18 June 2010

GOOD AND BAD SOCIAL NETWORKING

A man should not strive to eliminate his complexes but to get into accord with them: they are legitimately what directs his conduct in the world.

 

Sigmund Freud

 

The original social networks were about describing social relations that were not just dyadic or binary. In the world we influence others and they influence us, usually on many levels at the same time. It is not just one on one. Colds, jokes and many other things travel through networks of people. Networks rapidly become complicated, and how do we know how they are organized, and how do we talk about what we see? Social network analysts are excited by the 6 degree thing because it allows to make guesses about what the human networks are like. Good or Bad.

The newer community came from the merger of two ideas: collaborative software and networking. Collaborative software is such things as e-mail, this wiki, IM and so on. This has roots going back to Vaneever Bush’s 1945 paper “The Way We May Think” where he proposed a collaborative system that inspired hyperlinks and the World Wide Web. It was followed up by Ted Nelson and Doug Engelbart and there is a long tradition of working towards better collaborative software in Silicon Valley and elsewhere. Software that mediated human interaction came to be called “social software” (the term was coined by Eric Drexler, the same person who coined the term “nanotechnology”).

Meanwhile, as women increasingly joined the marketplace in the 70’s and on they realize that they were running into established networks that blocked their entry. They started forming groups to mentor and help each other. This activity came to be called “networking” and by the the 1980’s it was an established business idea. In 1985, for instance, the organization Business Networking International was started, which still exists and is huge. In personal communication, the CEO (Ivan Mischner) said that the US Chamber of Commerce claims to have coined the term “networking.” In any event, the term “networking” meant to actively expand your networks for business purposes.

In the late 90’s some folks got the idea to start businesses that did “networking” using collaborative software. Most of them thought of themselves as “business” or “professional” networking, but Jonathan Abrams wanted to network for friends and he called what people did on his site, Friendster, “social networking.” The term caught on and links a person makes through using MySpace, FaceBook, LinkedIn, FriendSter and so on came to be called “social networks.” In the abstract these are “social networks” in the first sense, and there have been some papers that explore this, but in the main the older one is talking about networks in general and the newer about networks that revolve around specific Web sites. It was unlikely that Johathan was familiar with the older term.

The social networks of collaborative software are wonderful, exciting technologies. Occasionally someone will comment to me that the older kind of social networks are not as important and somehow overly academic. I would hope that people can realize this is not true at all.
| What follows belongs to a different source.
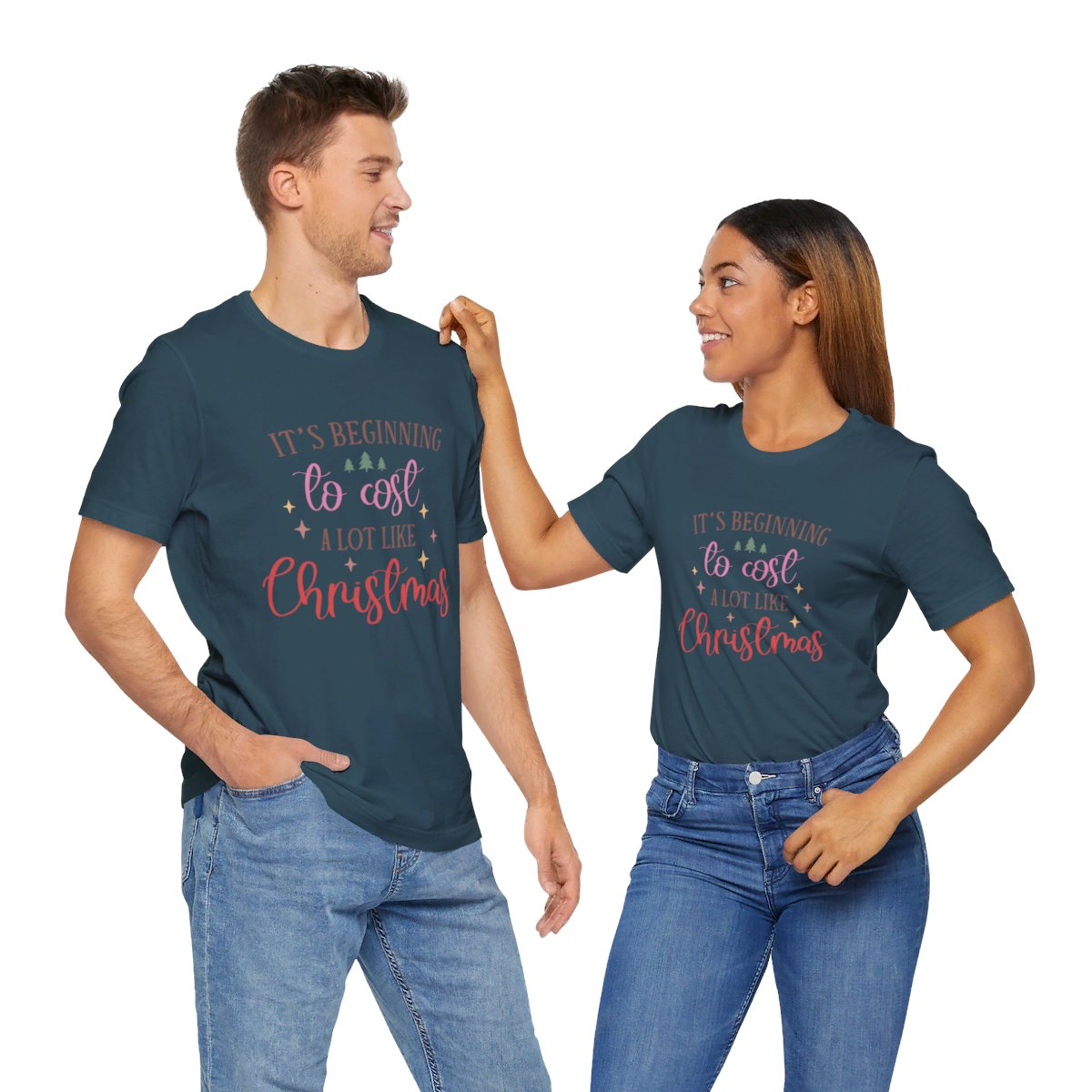 Unisex Jersey Short Sleeve Tee Christmas It's Beginning to Cost a Lot Like Christmas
In the 60’s the idea of interdisciplinary research was popular (it is again). At Harvard they started a program called “social relations.” This program took the common aspect of social psychology, economics, sociology: social relations and made that the foreground of study. Many people who are still quite well known were there, Stanely Milgram, Mark Granovetter, Harrison White, Barry Wellman, Ivan Chase, … (heck even BF Skinner was there, but he was in that department) – some were teachers, some students. Some of the ideas they had then and subsequently about how our social world works are still revolutionary. A civilization which leaves so large a number of its participants unsatisfied and drives them into revolt neither has nor deserves the prospect of a lasting existence.